Coming out isn’t what it used to be. Literally, “coming out” has a rich history of different meanings. Originally it referred to young women coming of age into high society. It had a derivative meaning within gay subcultures of the late 19th and early 20th centuries.
But in the 1970s, “coming out” started to mean revealing yourself to the general public. “Coming out” was contrasted with “being in the closet”. In the 1970s, coming out was advocated as a form of political action. You can see this, for instance, in many speeches by Harvey Milk. Here’s a line from the Gay Freedom Day Speech in 1978:
Gay people, we will not win our rights by staying quietly in our closets…we are coming out! We are coming out to fight the lies, the myths, the distortions!
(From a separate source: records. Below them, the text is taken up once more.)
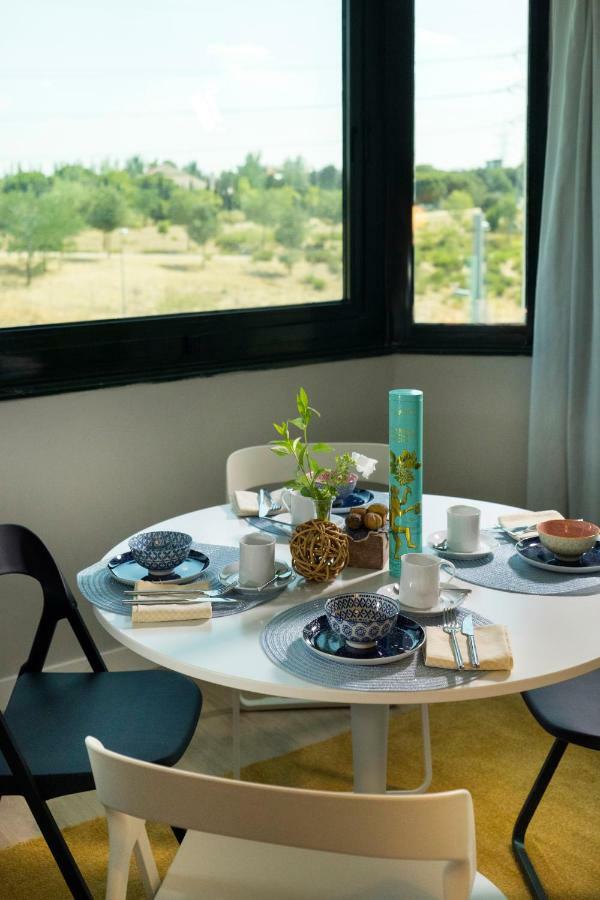 The Oliver Apartamentos Pozuelo de Alarcón Esterno foto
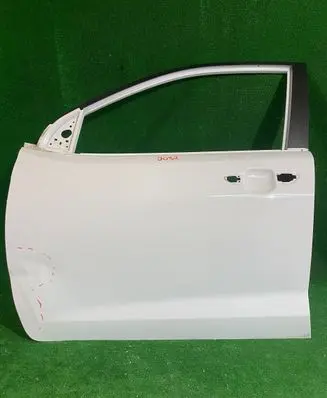 Hyundai i10 Front door
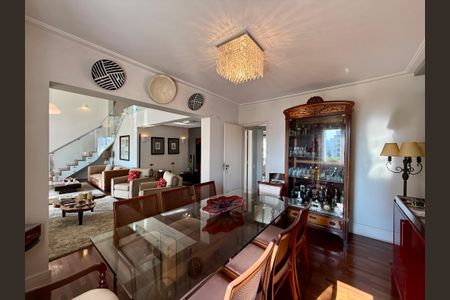 Apartamento à venda com 320m², 4 quartos e 4 vagasSala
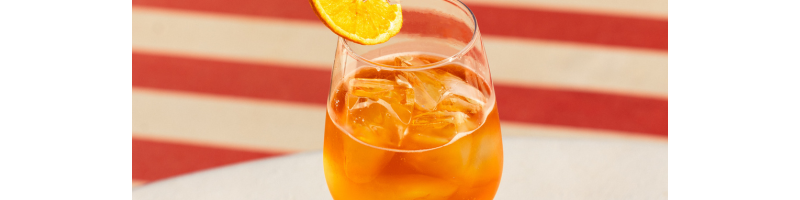 Italian Spritz sans alcool à faire chez soi, rapide, facile, qui remplace l'apérol. 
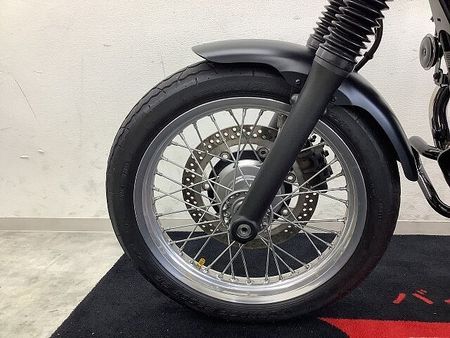 カワサキ W800 STREET W800ストリート ショートスクリーン・ハンドルスペーサー・USB1口・カスタムテールラン 34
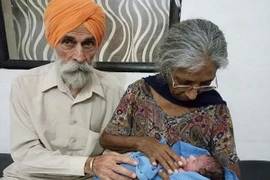 Chuyện khó tin: Sinh con khi vợ 70 tuổi, chồng 79 tuổi 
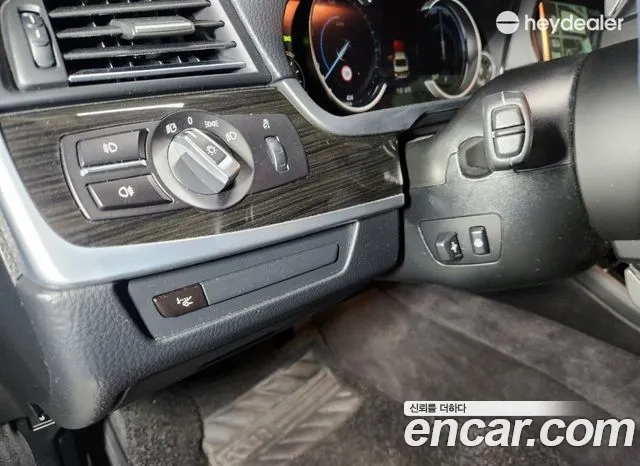 BMW 5-Series 2014 thumb 10
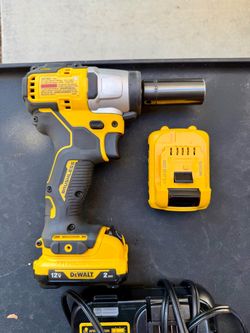 DeWalt 12V XTREME Brushless 3/8” Impact Wrench Kit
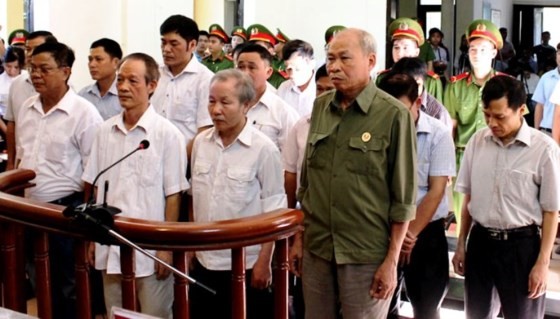 Former officials of Dong Tam commune and My Duc district at the bar of the first instance court opened on August 8 (Photo: SGGP)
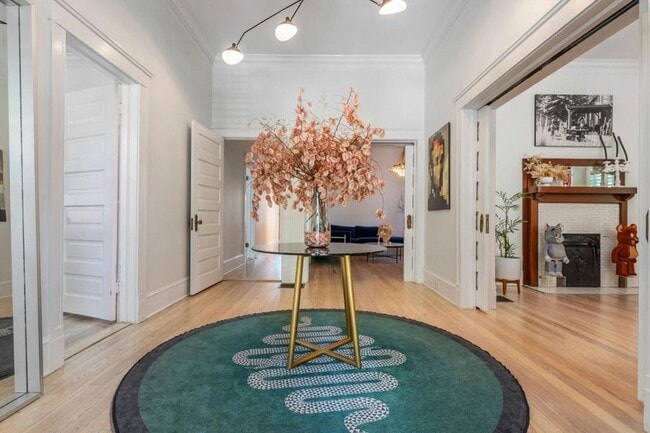 Building Photo - 242 Haralson Ave NE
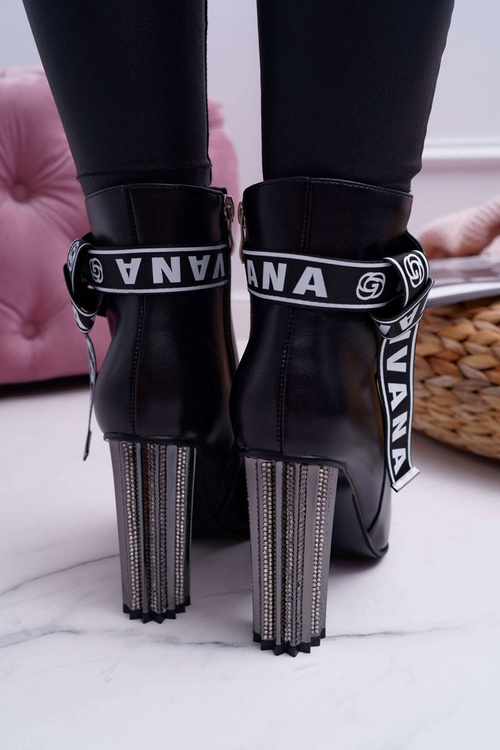 Жіночі гострі чоботи на шпильці чорного кольору Macada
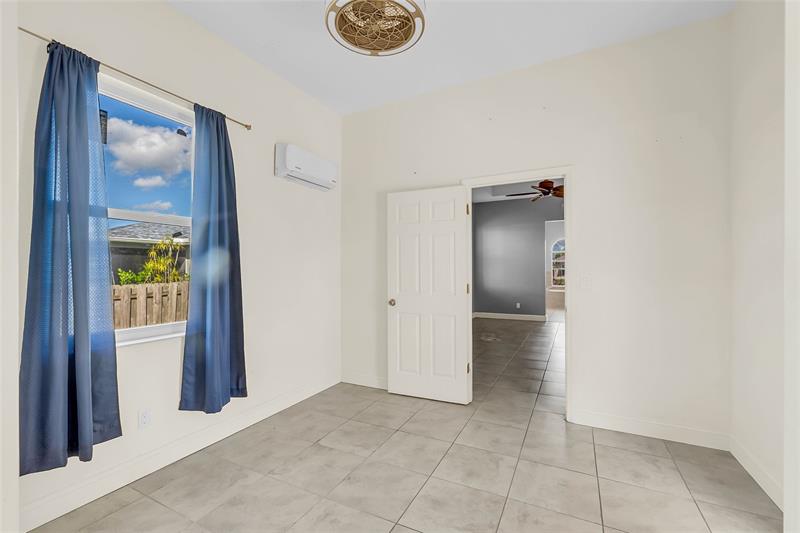 Image 27 of 55 For 1038 Fisherman Ave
We are coming out to tell the truth about gays!
The sentiment behind Harvey Milk’s speech is still recognizable today, but it’s not how we typically think about coming out any more. Today, many people think of coming out as a coming of age process. When you come out, you come out for yourself, not for anyone else. In the typical gay high school drama, coming out serves as a resolution to a personal conflict. It is a prerequisite to living a full life and a proper romantic relationship.
From here, I could argue that the old ways of thinking were correct, and the new ways of thinking are wrong. The modern gay has dulled their political edge, and capitulated to neoliberal individualism, etc. Except, I don’t think that’s right. Coming out is in fact very personally fulfilling, and I think LGBTQ folks must have realized that fairly quickly after adopting it as a political strategy. It is, in fact, very hard to maintain a romantic relationship when you or your partner is closeted. Either you can’t meet their straight friends, or you have to conceal your relationship in front of them.
Perhaps today we no longer emphasize coming out as political action, because it is not as politically effective, or not as politically urgent as it was in the 1970s. Lots of people today already have LGBTQ people in their lives. Perhaps the leftover ‘phobes of today are the ones who are resistant to such things as human empathy.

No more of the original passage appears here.